• **Dataset records**
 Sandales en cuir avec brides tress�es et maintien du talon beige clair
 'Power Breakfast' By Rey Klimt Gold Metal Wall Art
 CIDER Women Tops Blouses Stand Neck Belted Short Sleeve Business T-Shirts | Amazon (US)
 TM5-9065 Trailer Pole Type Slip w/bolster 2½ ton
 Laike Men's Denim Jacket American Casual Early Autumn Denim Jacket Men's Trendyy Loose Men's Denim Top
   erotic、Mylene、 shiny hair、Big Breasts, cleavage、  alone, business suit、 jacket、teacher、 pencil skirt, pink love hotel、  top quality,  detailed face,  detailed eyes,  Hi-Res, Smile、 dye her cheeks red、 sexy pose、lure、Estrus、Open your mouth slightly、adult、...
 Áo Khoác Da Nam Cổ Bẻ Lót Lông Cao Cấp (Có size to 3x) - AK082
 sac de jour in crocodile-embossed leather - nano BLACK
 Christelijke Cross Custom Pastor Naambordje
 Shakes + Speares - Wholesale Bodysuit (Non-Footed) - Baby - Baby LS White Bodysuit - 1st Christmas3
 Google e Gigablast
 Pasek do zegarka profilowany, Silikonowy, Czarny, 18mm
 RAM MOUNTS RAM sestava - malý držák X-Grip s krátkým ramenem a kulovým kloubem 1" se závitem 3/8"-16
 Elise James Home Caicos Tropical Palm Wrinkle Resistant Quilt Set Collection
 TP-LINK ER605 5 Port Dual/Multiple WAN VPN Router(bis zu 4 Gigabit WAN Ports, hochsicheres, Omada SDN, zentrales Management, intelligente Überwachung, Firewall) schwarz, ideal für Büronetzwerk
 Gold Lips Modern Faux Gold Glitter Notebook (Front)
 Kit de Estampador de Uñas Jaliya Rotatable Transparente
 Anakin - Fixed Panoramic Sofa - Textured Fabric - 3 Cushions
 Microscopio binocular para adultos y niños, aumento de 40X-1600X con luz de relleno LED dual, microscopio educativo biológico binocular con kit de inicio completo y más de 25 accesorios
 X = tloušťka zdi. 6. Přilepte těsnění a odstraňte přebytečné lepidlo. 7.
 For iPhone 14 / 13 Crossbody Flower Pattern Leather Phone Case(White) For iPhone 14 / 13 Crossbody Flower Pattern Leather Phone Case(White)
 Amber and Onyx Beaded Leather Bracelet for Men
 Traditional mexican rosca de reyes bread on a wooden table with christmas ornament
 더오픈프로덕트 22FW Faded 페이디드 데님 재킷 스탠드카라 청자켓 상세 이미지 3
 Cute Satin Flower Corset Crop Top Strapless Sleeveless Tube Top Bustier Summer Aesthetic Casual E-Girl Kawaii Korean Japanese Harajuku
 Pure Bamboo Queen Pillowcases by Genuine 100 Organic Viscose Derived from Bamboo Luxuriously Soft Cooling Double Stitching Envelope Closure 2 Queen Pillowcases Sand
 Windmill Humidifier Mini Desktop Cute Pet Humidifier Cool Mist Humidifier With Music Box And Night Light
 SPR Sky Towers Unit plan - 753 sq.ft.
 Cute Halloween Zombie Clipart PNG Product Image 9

• **What you have to do**
Please copy out every entry exactly, with nothing omitted.

• **Answer to this exercise**
 Sandales en cuir avec brides tress�es et maintien du talon beige clair
 'Power Breakfast' By Rey Klimt Gold Metal Wall Art
 CIDER Women Tops Blouses Stand Neck Belted Short Sleeve Business T-Shirts | Amazon (US)
 TM5-9065 Trailer Pole Type Slip w/bolster 2½ ton
 Laike Men's Denim Jacket American Casual Early Autumn Denim Jacket Men's Trendyy Loose Men's Denim Top
   erotic、Mylene、 shiny hair、Big Breasts, cleavage、  alone, business suit、 jacket、teacher、 pencil skirt, pink love hotel、  top quality,  detailed face,  detailed eyes,  Hi-Res, Smile、 dye her cheeks red、 sexy pose、lure、Estrus、Open your mouth slightly、adult、...
 Áo Khoác Da Nam Cổ Bẻ Lót Lông Cao Cấp (Có size to 3x) - AK082
 sac de jour in crocodile-embossed leather - nano BLACK
 Christelijke Cross Custom Pastor Naambordje
 Shakes + Speares - Wholesale Bodysuit (Non-Footed) - Baby - Baby LS White Bodysuit - 1st Christmas3
 Google e Gigablast
 Pasek do zegarka profilowany, Silikonowy, Czarny, 18mm
 RAM MOUNTS RAM sestava - malý držák X-Grip s krátkým ramenem a kulovým kloubem 1" se závitem 3/8"-16
 Elise James Home Caicos Tropical Palm Wrinkle Resistant Quilt Set Collection
 TP-LINK ER605 5 Port Dual/Multiple WAN VPN Router(bis zu 4 Gigabit WAN Ports, hochsicheres, Omada SDN, zentrales Management, intelligente Überwachung, Firewall) schwarz, ideal für Büronetzwerk
 Gold Lips Modern Faux Gold Glitter Notebook (Front)
 Kit de Estampador de Uñas Jaliya Rotatable Transparente
 Anakin - Fixed Panoramic Sofa - Textured Fabric - 3 Cushions
 Microscopio binocular para adultos y niños, aumento de 40X-1600X con luz de relleno LED dual, microscopio educativo biológico binocular con kit de inicio completo y más de 25 accesorios
 X = tloušťka zdi. 6. Přilepte těsnění a odstraňte přebytečné lepidlo. 7.
 For iPhone 14 / 13 Crossbody Flower Pattern Leather Phone Case(White) For iPhone 14 / 13 Crossbody Flower Pattern Leather Phone Case(White)
 Amber and Onyx Beaded Leather Bracelet for Men
 Traditional mexican rosca de reyes bread on a wooden table with christmas ornament
 더오픈프로덕트 22FW Faded 페이디드 데님 재킷 스탠드카라 청자켓 상세 이미지 3
 Cute Satin Flower Corset Crop Top Strapless Sleeveless Tube Top Bustier Summer Aesthetic Casual E-Girl Kawaii Korean Japanese Harajuku
 Pure Bamboo Queen Pillowcases by Genuine 100 Organic Viscose Derived from Bamboo Luxuriously Soft Cooling Double Stitching Envelope Closure 2 Queen Pillowcases Sand
 Windmill Humidifier Mini Desktop Cute Pet Humidifier Cool Mist Humidifier With Music Box And Night Light
 SPR Sky Towers Unit plan - 753 sq.ft.
 Cute Halloween Zombie Clipart PNG Product Image 9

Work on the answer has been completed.